Rob Stewart: Ich wollte einen schönen Unterwasserfilm ohne Menschen machen. Mir ging es um die Haie. Wie man im Film sieht, landen wir letztendlich im Gefängnis, die Geschichte endet total verrückt. Der wahre Grund, warum ich alles alleine gemacht habe: wir hatten kein Geld. Und ich kannte auch nicht die richtigen Leute. Ich kannte keine Drehbuchschreiber. Ich wollte einen engagieren, aber was der geschrieben hat war schrecklich. Da dachte ich: "Das kann ich besser". Also habe ich ihn gefeuert, und das war schlussendlich auch billiger.

Ricore: Wenn Sie so ein Anfänger waren wie sie sagen, wie haben Sie die Techniken gelernt?

Stewart: Als ich anfing, war ich ein guter Fotograf.
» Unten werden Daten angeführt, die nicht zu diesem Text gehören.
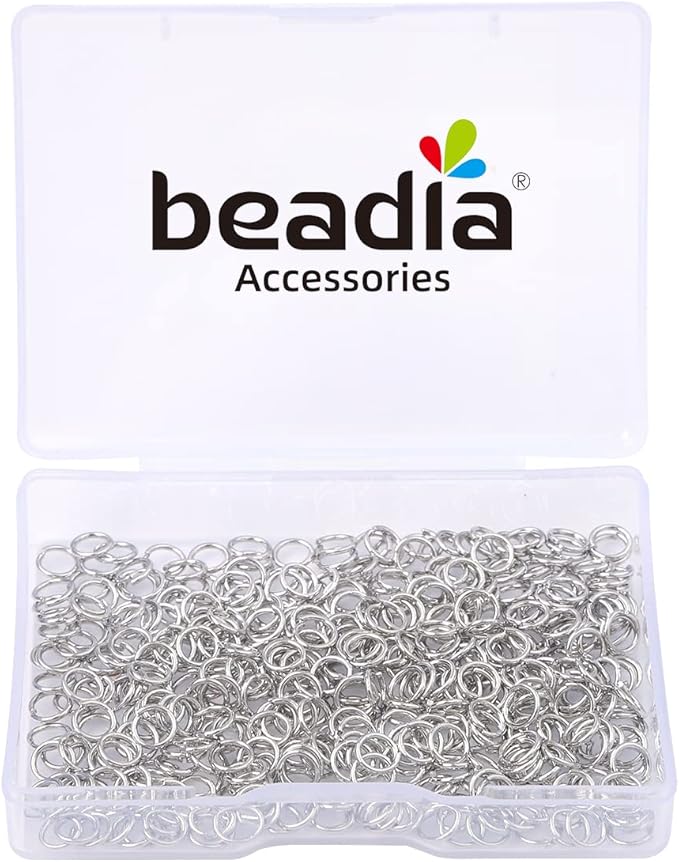 Platinum Plated Jump Rings Non Tarnish 5mm 400pcs for Jewelry Making Findings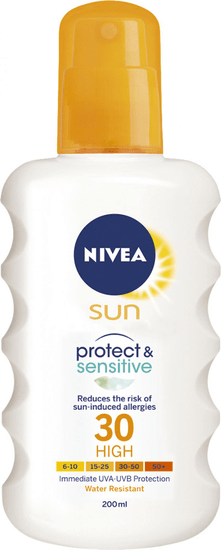 Nivea Sun sprej Protect & Sensitive SPF30, 200 ml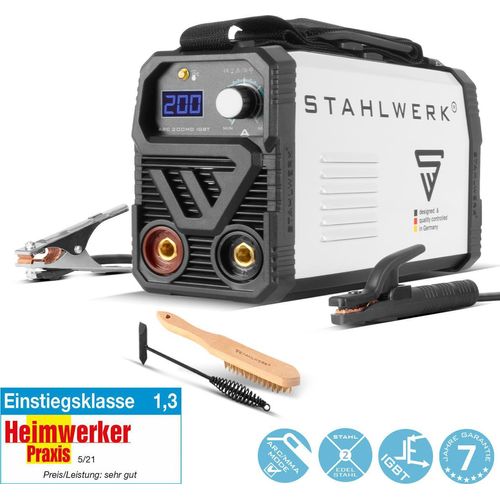 STAHLWERK Schweißgerät ARC 200 MD IGBT MMA E Hand Inverter Single-Board 200 A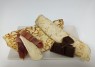 Crepe de jamon serrano queso brie y salsa de queso.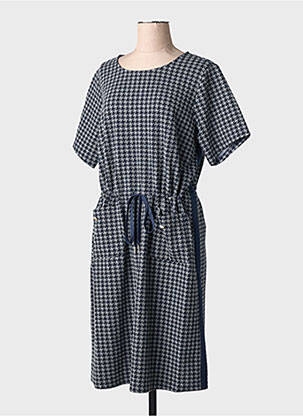 Rochie midi mâneci scurte mâneci scurte albastru YESTA femeie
Ich wusste also, dass ich schöne Aufnahmen machen konnte. Nun bewegen sich die Dinge beim Filmen und das war neu für mich. Ich ging die Sachen an wie beim Fotografieren. Wenn sich die Dinge bewegten, habe ich versucht, mit den Bewegungen mit zu gehen. Ich hatte zwei Filme auf meinem Laptop: "Die fabelhafte Welt der Amélie" und "Snatch - Schweine und Diamanten". Das waren meine Vorbilder. Meine damalige Freundin hat mir ein Buch über die Filmkunst geschenkt. Es war ein sehr gutes Buch. So habe ich mir das beigebracht.

Ricore: Daneben gab es aber noch andere Schwierigkeiten. Wovor hatten sie am meisten Angst?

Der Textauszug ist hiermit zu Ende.